--- DATA ---
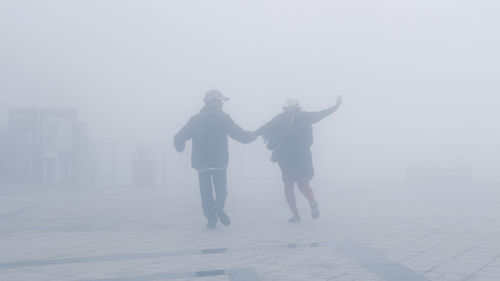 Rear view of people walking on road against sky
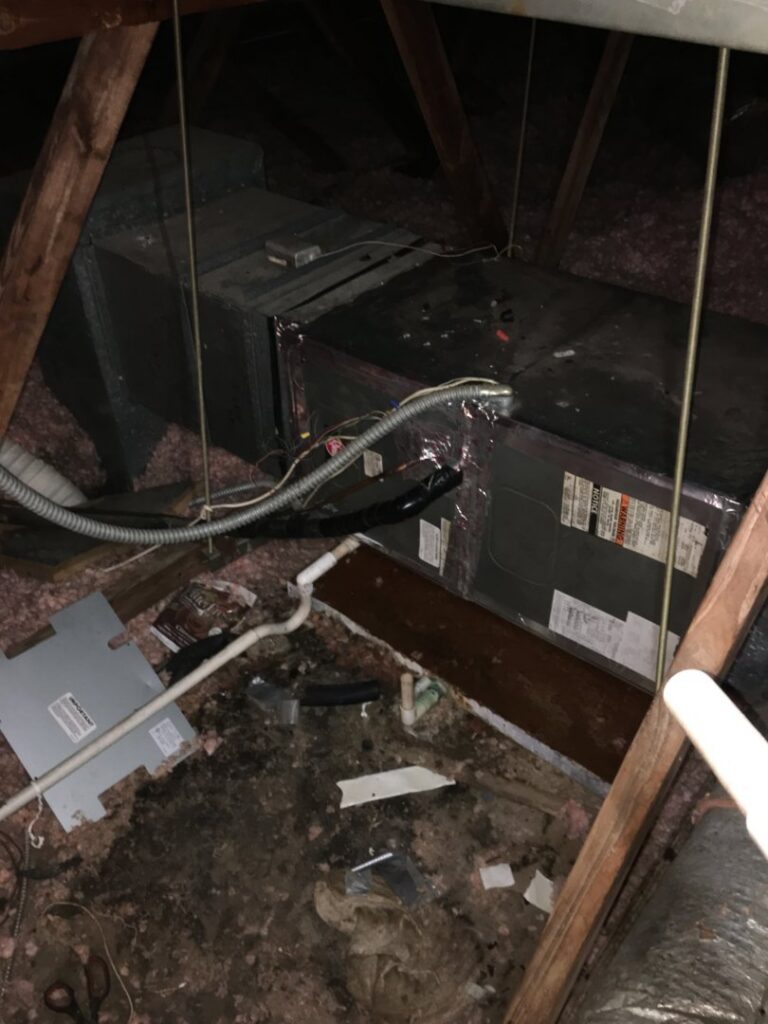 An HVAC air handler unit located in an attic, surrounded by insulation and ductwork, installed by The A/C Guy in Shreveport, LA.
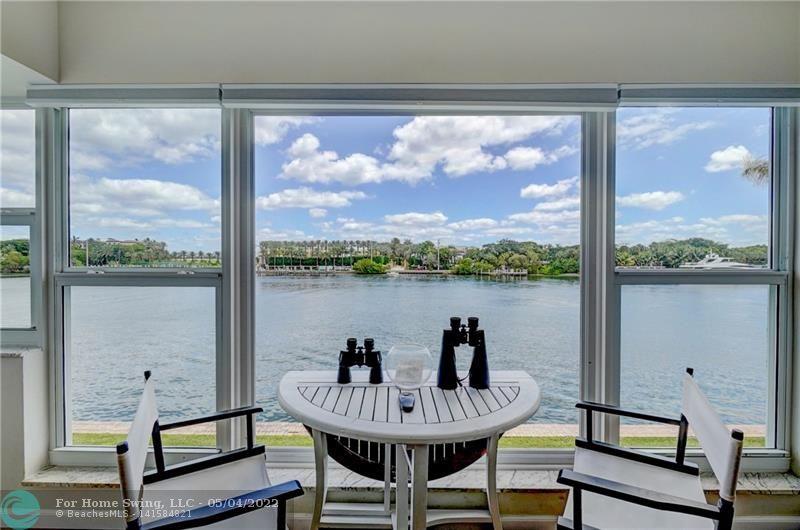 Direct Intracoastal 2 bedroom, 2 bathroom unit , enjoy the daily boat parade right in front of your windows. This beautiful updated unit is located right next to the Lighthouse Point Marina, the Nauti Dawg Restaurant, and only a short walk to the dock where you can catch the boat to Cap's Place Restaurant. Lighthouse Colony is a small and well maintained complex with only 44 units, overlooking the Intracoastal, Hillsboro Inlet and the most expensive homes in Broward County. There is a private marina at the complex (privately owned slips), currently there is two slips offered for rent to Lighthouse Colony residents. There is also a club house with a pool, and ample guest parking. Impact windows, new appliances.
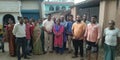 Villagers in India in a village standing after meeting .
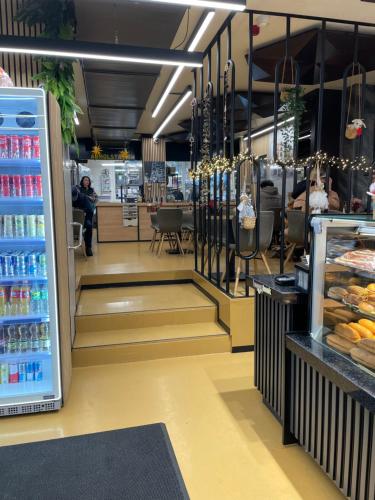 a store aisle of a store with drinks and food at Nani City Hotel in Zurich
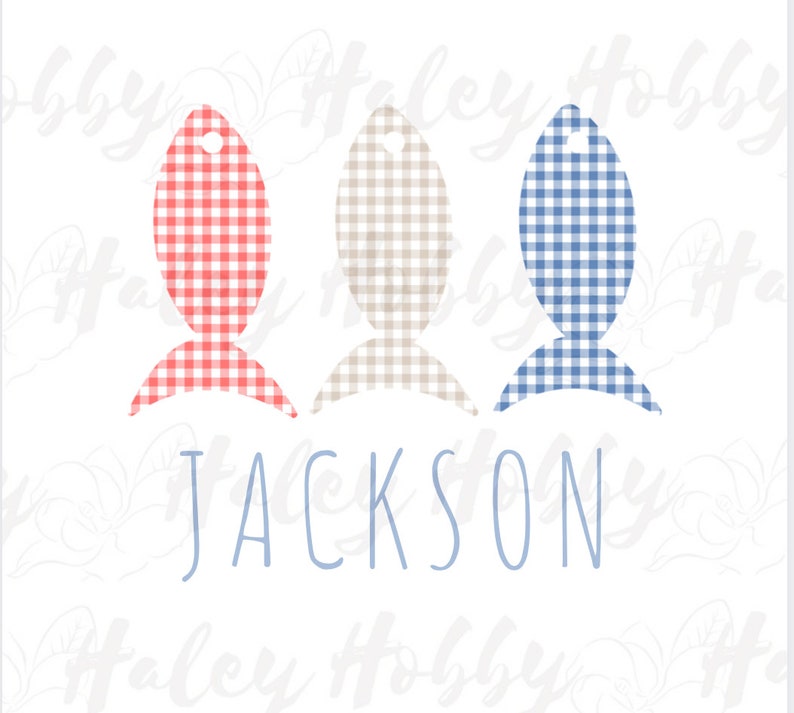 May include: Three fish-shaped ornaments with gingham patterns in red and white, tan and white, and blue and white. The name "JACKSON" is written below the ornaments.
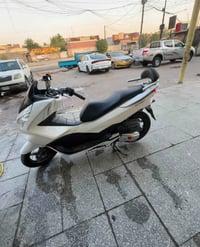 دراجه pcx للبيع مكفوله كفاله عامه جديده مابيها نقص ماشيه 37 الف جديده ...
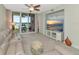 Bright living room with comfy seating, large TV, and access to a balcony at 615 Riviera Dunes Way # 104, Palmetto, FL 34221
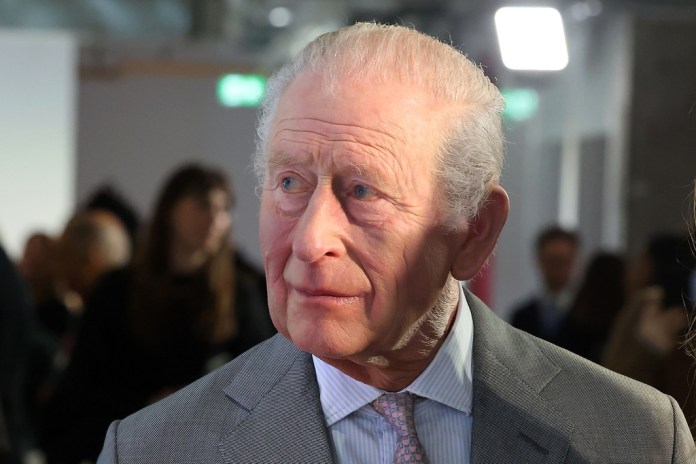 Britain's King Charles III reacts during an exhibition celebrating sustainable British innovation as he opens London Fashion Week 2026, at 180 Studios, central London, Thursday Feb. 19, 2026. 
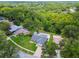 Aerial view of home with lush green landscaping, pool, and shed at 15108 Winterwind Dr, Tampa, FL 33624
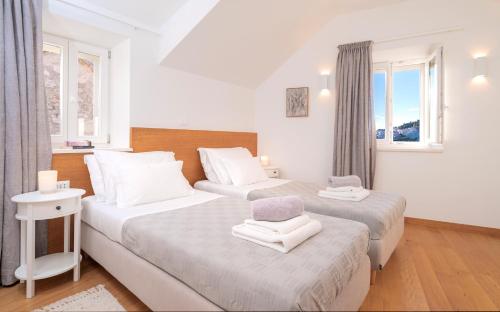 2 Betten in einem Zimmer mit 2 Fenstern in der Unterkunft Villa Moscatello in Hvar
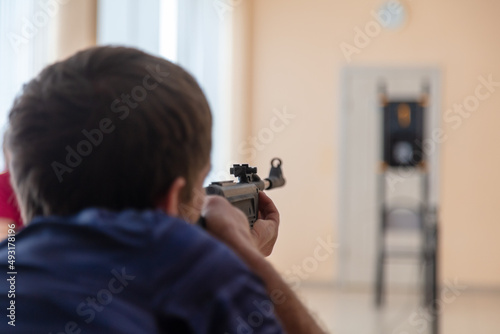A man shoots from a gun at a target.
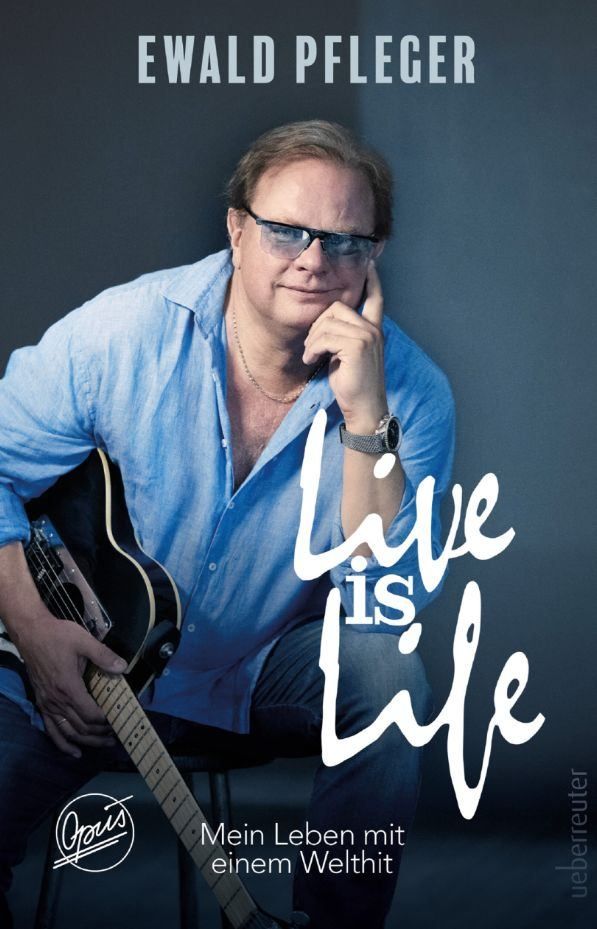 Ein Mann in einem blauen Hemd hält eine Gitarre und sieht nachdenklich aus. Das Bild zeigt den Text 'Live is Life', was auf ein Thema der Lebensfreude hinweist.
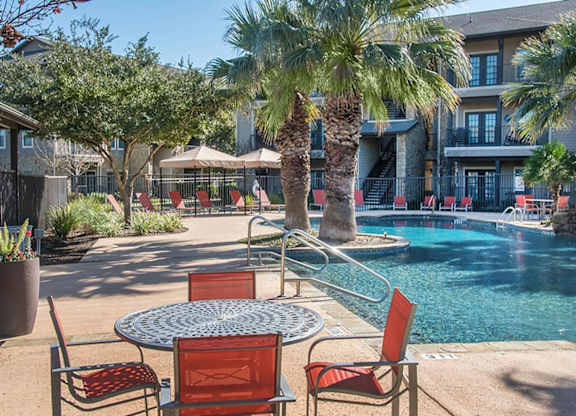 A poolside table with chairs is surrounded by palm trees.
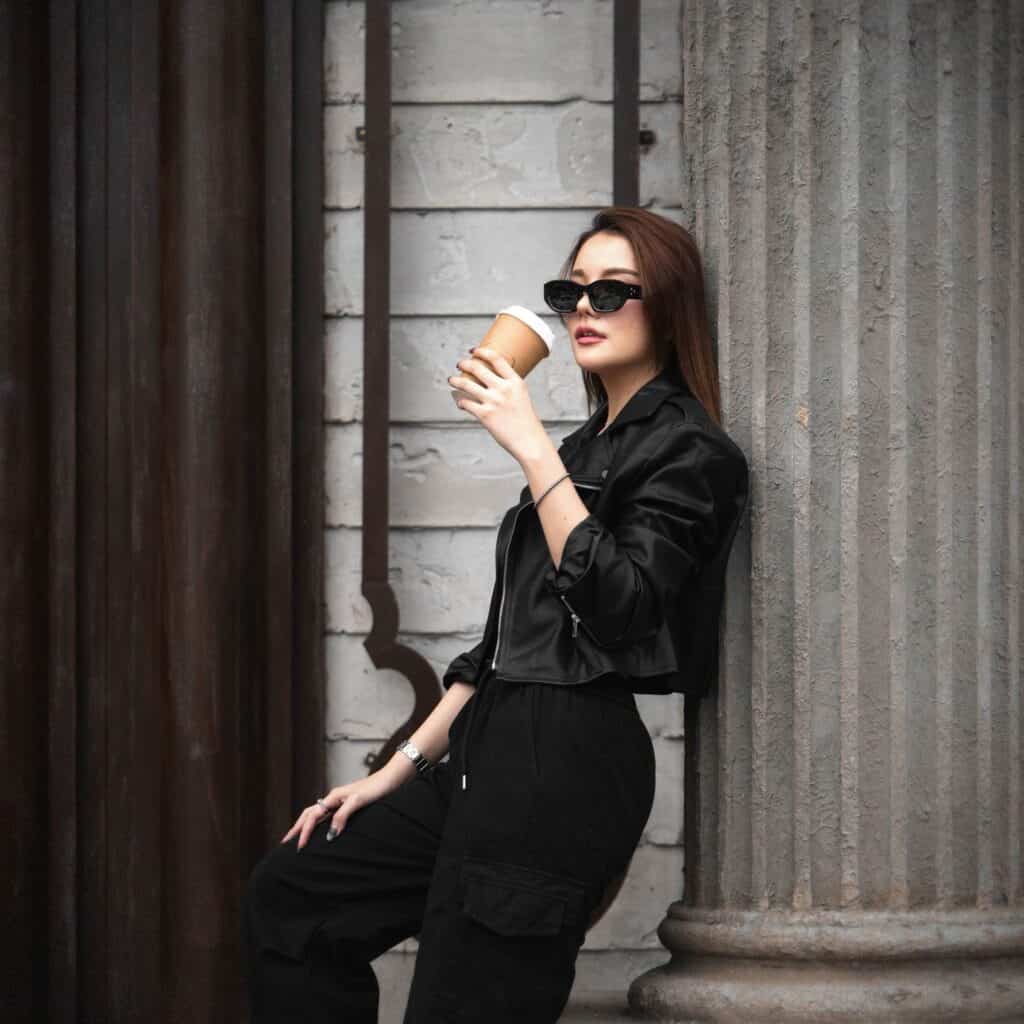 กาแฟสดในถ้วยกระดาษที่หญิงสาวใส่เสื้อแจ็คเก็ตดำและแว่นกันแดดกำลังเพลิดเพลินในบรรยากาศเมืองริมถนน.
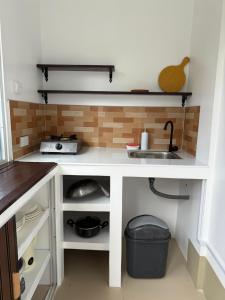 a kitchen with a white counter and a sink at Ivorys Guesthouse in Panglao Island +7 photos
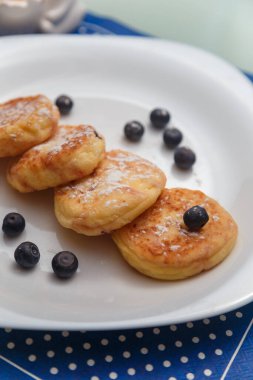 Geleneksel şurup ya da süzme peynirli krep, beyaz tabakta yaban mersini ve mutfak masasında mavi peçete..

--- DIRECTIONS FOR THIS TASK ---
Write down all the entries exactly, but not the pictures they hold.

--- ANSWER TO THIS TASK ---
 Rear view of people walking on road against sky
 An HVAC air handler unit located in an attic, surrounded by insulation and ductwork, installed by The A/C Guy in Shreveport, LA.
 Direct Intracoastal 2 bedroom, 2 bathroom unit , enjoy the daily boat parade right in front of your windows. This beautiful updated unit is located right next to the Lighthouse Point Marina, the Nauti Dawg Restaurant, and only a short walk to the dock where you can catch the boat to Cap's Place Restaurant. Lighthouse Colony is a small and well maintained complex with only 44 units, overlooking the Intracoastal, Hillsboro Inlet and the most expensive homes in Broward County. There is a private marina at the complex (privately owned slips), currently there is two slips offered for rent to Lighthouse Colony residents. There is also a club house with a pool, and ample guest parking. Impact windows, new appliances.
 Villagers in India in a village standing after meeting .
 a store aisle of a store with drinks and food at Nani City Hotel in Zurich
 May include: Three fish-shaped ornaments with gingham patterns in red and white, tan and white, and blue and white. The name "JACKSON" is written below the ornaments.
 دراجه pcx للبيع مكفوله كفاله عامه جديده مابيها نقص ماشيه 37 الف جديده ...
 Bright living room with comfy seating, large TV, and access to a balcony at 615 Riviera Dunes Way # 104, Palmetto, FL 34221
 Britain's King Charles III reacts during an exhibition celebrating sustainable British innovation as he opens London Fashion Week 2026, at 180 Studios, central London, Thursday Feb. 19, 2026. 
 Aerial view of home with lush green landscaping, pool, and shed at 15108 Winterwind Dr, Tampa, FL 33624
 2 Betten in einem Zimmer mit 2 Fenstern in der Unterkunft Villa Moscatello in Hvar
A man shoots from a gun at a target.
 Ein Mann in einem blauen Hemd hält eine Gitarre und sieht nachdenklich aus. Das Bild zeigt den Text 'Live is Life', was auf ein Thema der Lebensfreude hinweist.
 A poolside table with chairs is surrounded by palm trees.
 กาแฟสดในถ้วยกระดาษที่หญิงสาวใส่เสื้อแจ็คเก็ตดำและแว่นกันแดดกำลังเพลิดเพลินในบรรยากาศเมืองริมถนน.
 a kitchen with a white counter and a sink at Ivorys Guesthouse in Panglao Island +7 photos
 Geleneksel şurup ya da süzme peynirli krep, beyaz tabakta yaban mersini ve mutfak masasında mavi peçete..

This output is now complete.